Ghani também lançou uma advertência aos talibãs. "Não podes ganhar esta guerra. As portas da paz e a negociação estão abertas para vocês".

- Continuará a "jihad" -

O secretário de Estado corroborou que os Estados Unidos estão dispostos a apoiar "sem pré-condições" as negociações de paz entre o governo e os talibãs.

Os talibãs, entretanto, responderam com sua habitual retórica bélica: "Enquanto restar um só soldado americano em nossa terra, e continuarem nos impondo a guerra, continuaremos com nossa jihad".

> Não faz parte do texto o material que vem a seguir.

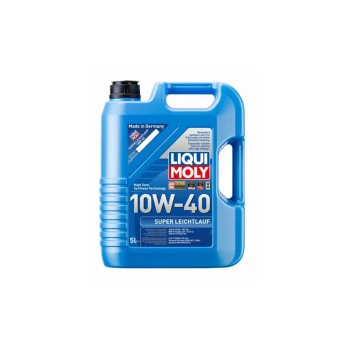 LIQUI MOLY 10W40 Motor Yağı Super Leichtlauf 5 Litre 9505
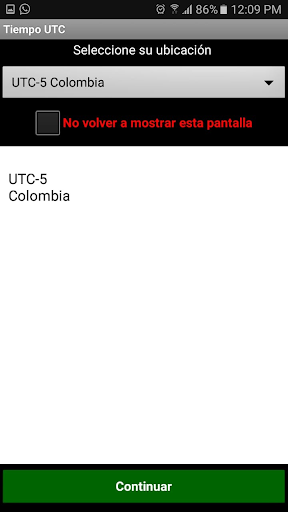 Latin Radio in the world Screen 2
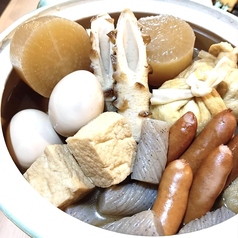 きりんのたまごのコース写真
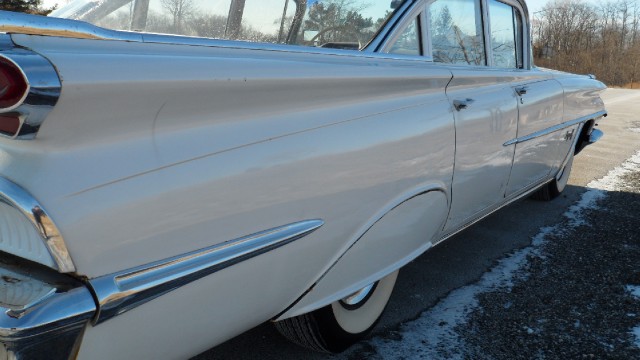 Used 1959 Oldsmobile Super 88 Coupe | Mundelein, IL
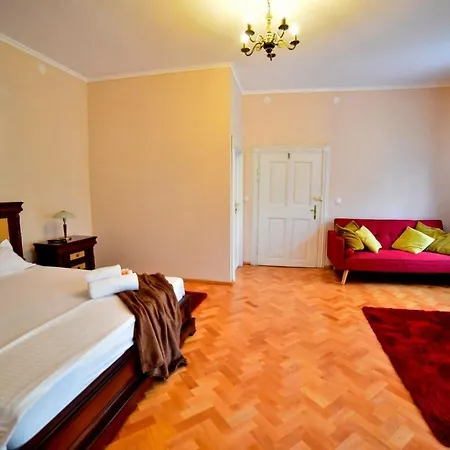 Apartment Gm 15 Sibiu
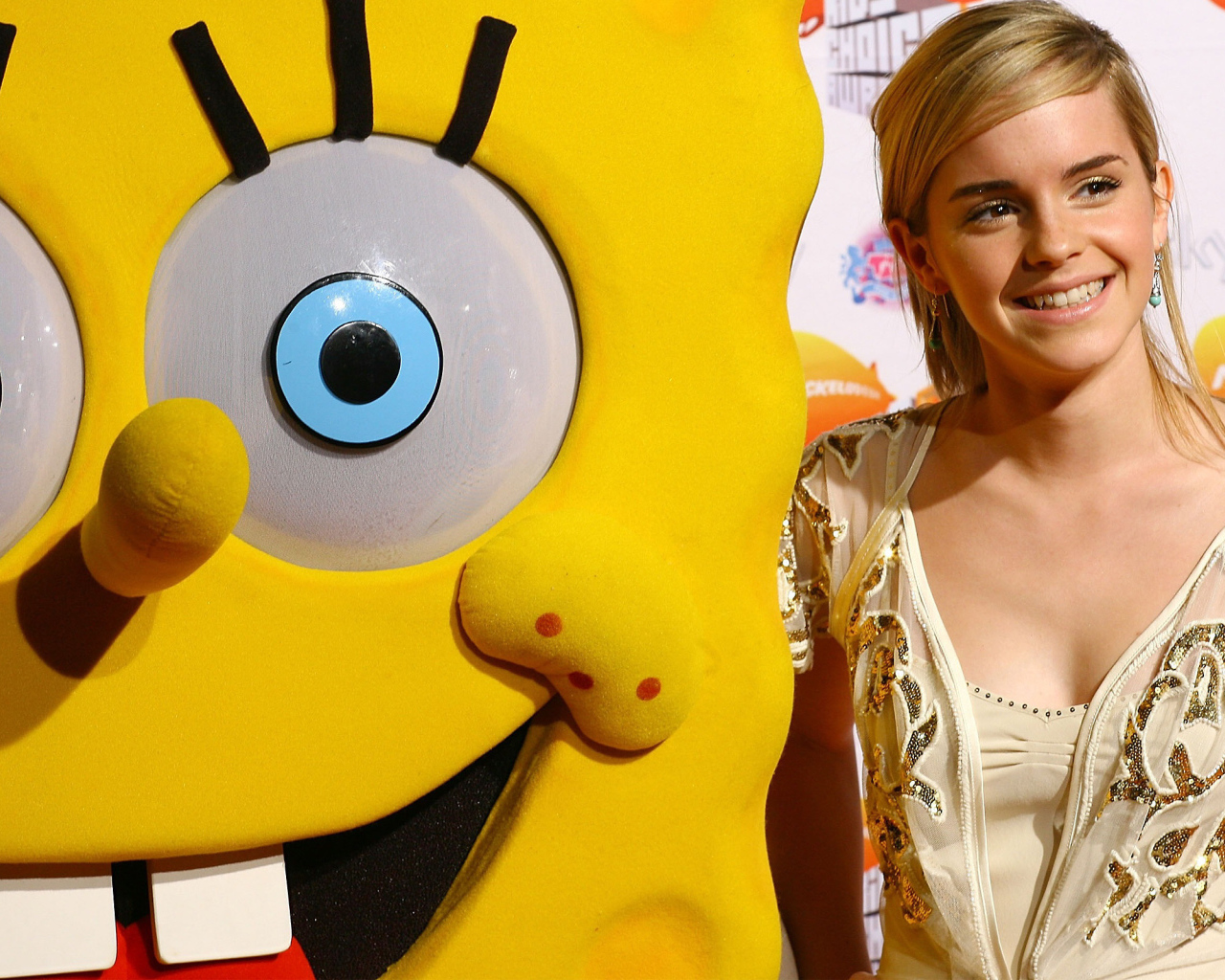 Кинозвезда Эмма Уотсон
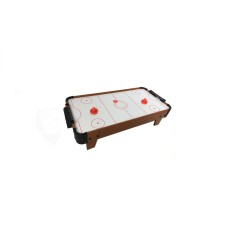 Masa de air hockey cu baterii 87x41x21 cm foto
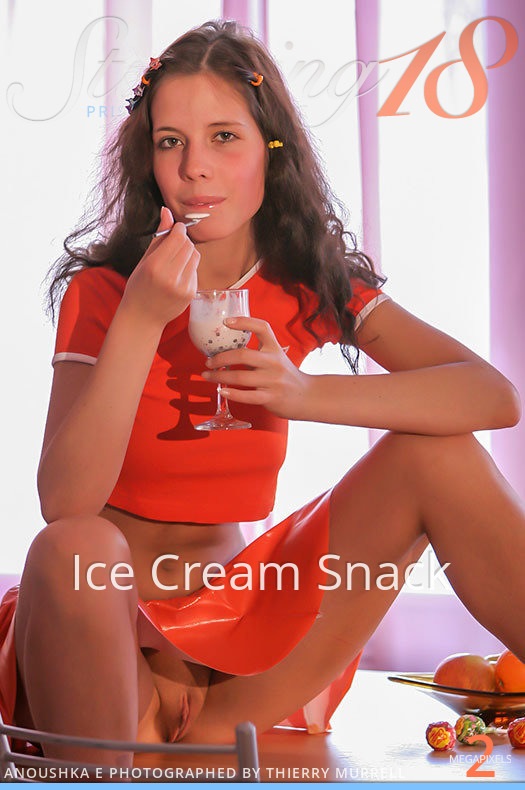 [Stunning18] Anoushka - Ice Cream Snack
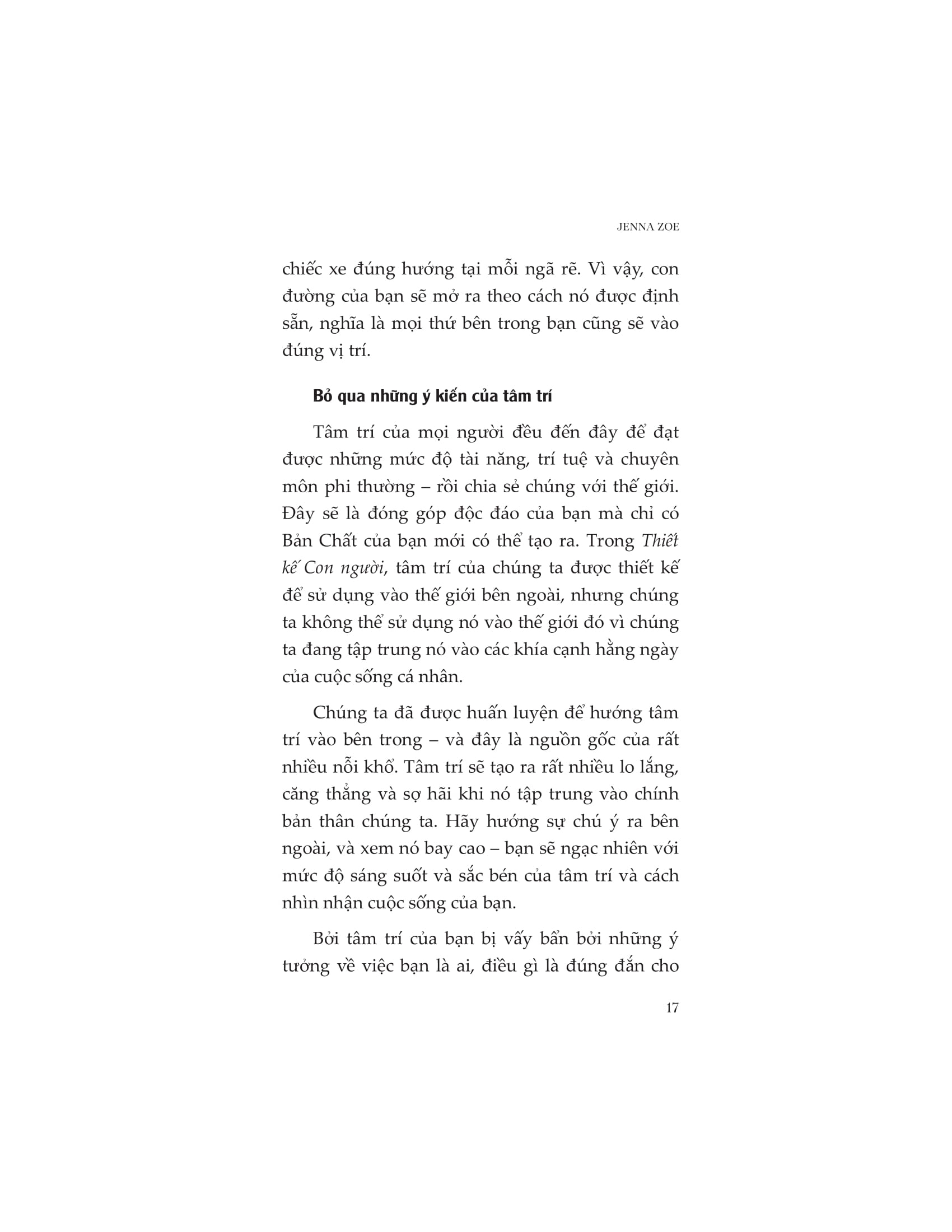 human design - thiết kế nhân sinh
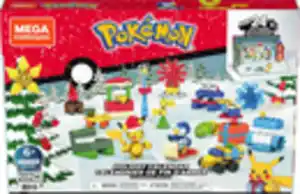 Mattel MEGA Pokémon Adventskalender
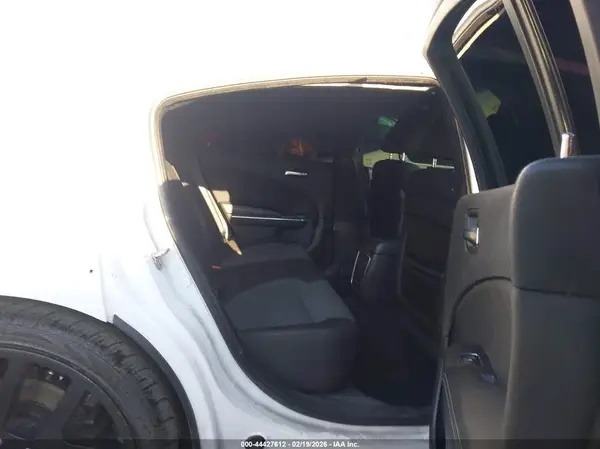 2C3CDXCT4GH214192 2016 DODGE CHARGER - Image 8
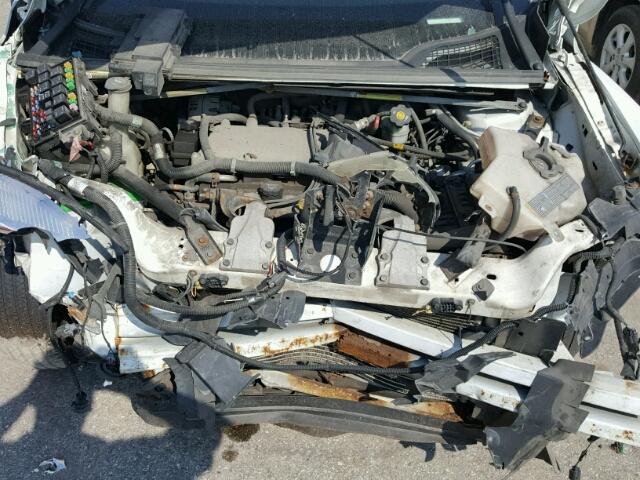 1GNDX33L46D229925 - 2006 CHEVROLET UPLANDER L თეთრი ფოტო 7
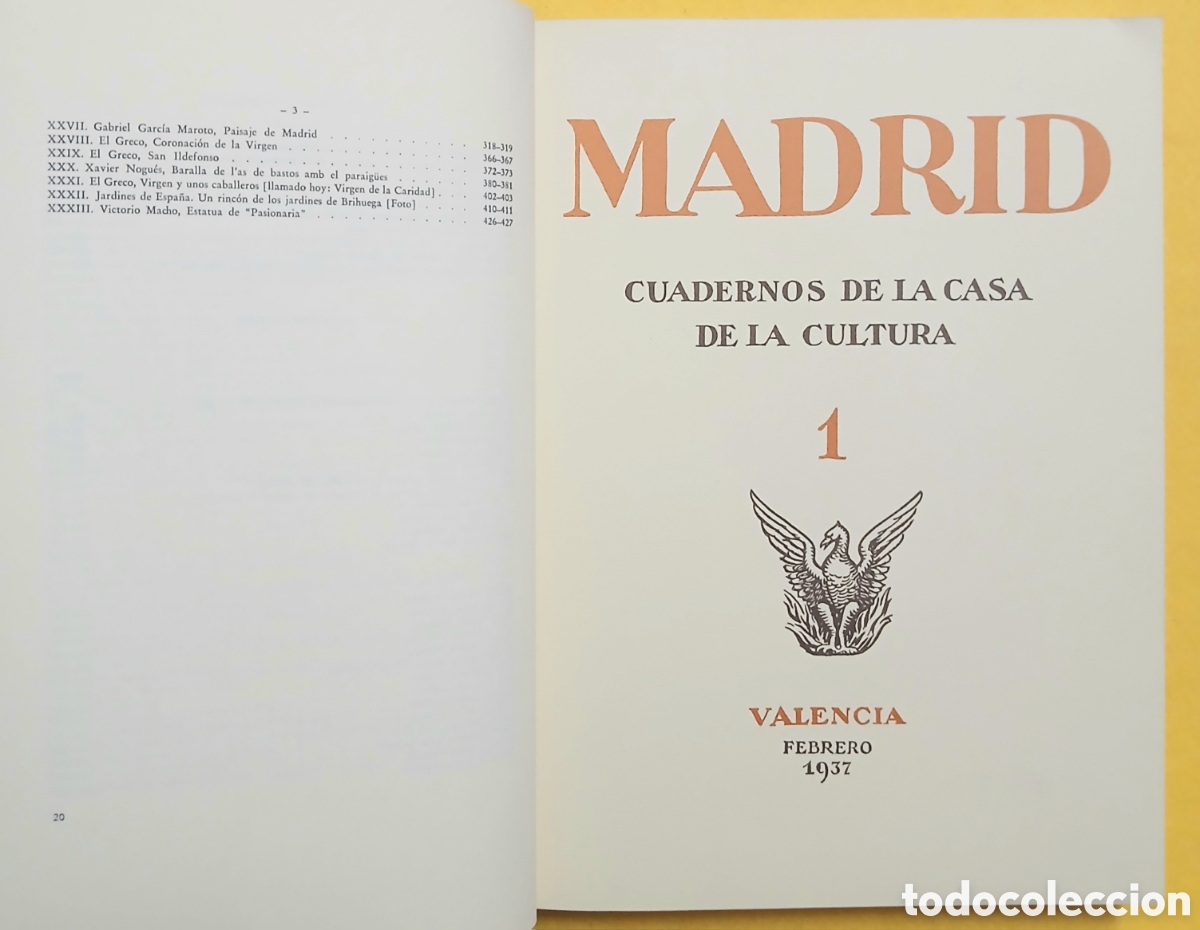 Libros: Madrid, cuadernos de la casa de la cultura - Foto 6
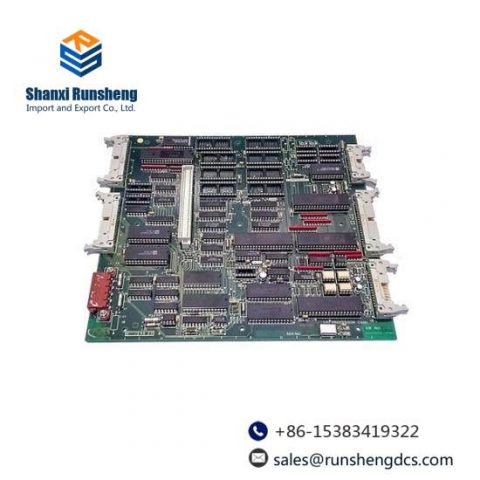 Kongsberg NN-791.12 Her1002611 I/O Module - Industrial Automation Control System Component
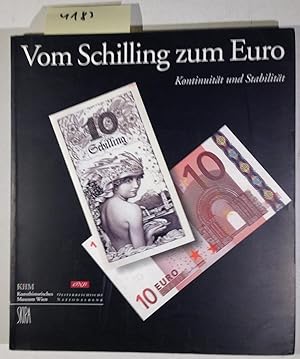 Vom Schilling Zum Euro: Kontinuitat Und Stabilitat Eine Ausstellung Des Kunsthistorischen Museums...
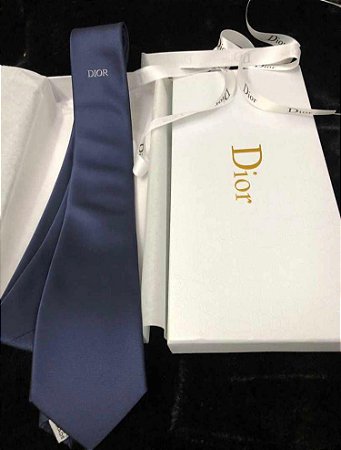 Gravata Dior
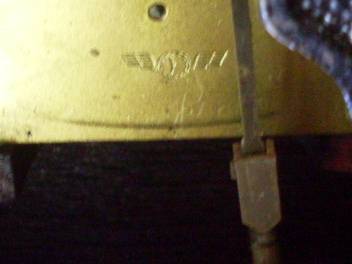 Vintage 1920's Kienzle Mantle Clock - Working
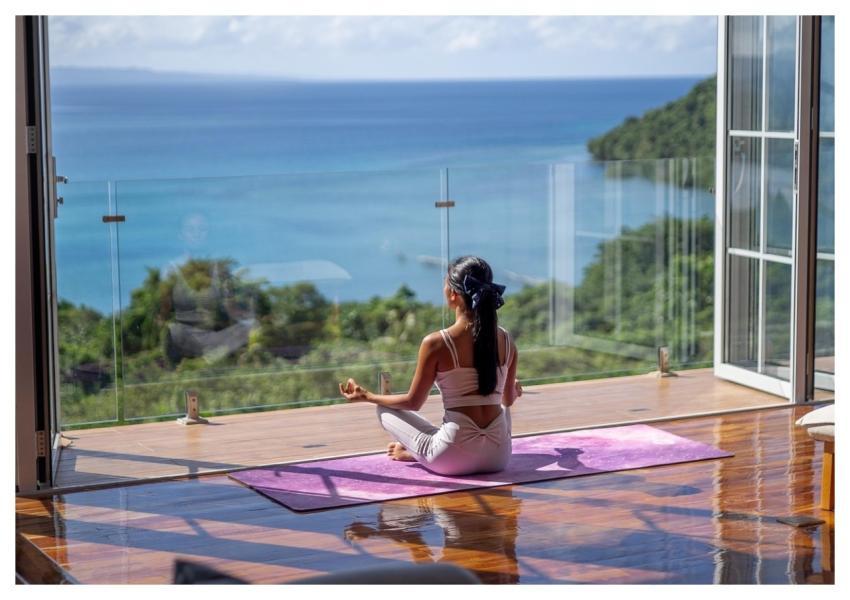 Yoga Morning Lifestyle Healthy Lifestyle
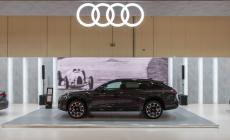 Audi στην Auto Athina 2026: Πανελλαδικές πρεμιέρες και πλήρως ανανεωμένη γκάμα (pics, vid)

Sobre o terreno, Trump autorizou o deslocamento de outros 3.900 soldados, que se unirão aos 8.400 que já estão no Afeganistão como parte de uma força internacional composta por 13.500 tropas, segundo uma fonte da Casa Branca.

Embora o aumento não seja espetacular - os Estados Unidos chegaram a ter até 100.000 soldados-, representa uma mudança de tendência em relação aos últimos anos.

O secretário-geral da Otan Jens Stoltenberg elogiou nesta terça-feira a postura de Trump e prometeu que a Aliança Atlântica não permitirá que o Afeganistão se transforme em um "refúgio para terroristas".

Dezesseis anos depois do início de uma grande ofensiva para tirar o regime talibã do poder em Cabul -e que se tornou na guerra mais longa da história americana-, a frágil democracia afegã está ameaçada por uma insurreição desestabilizadora.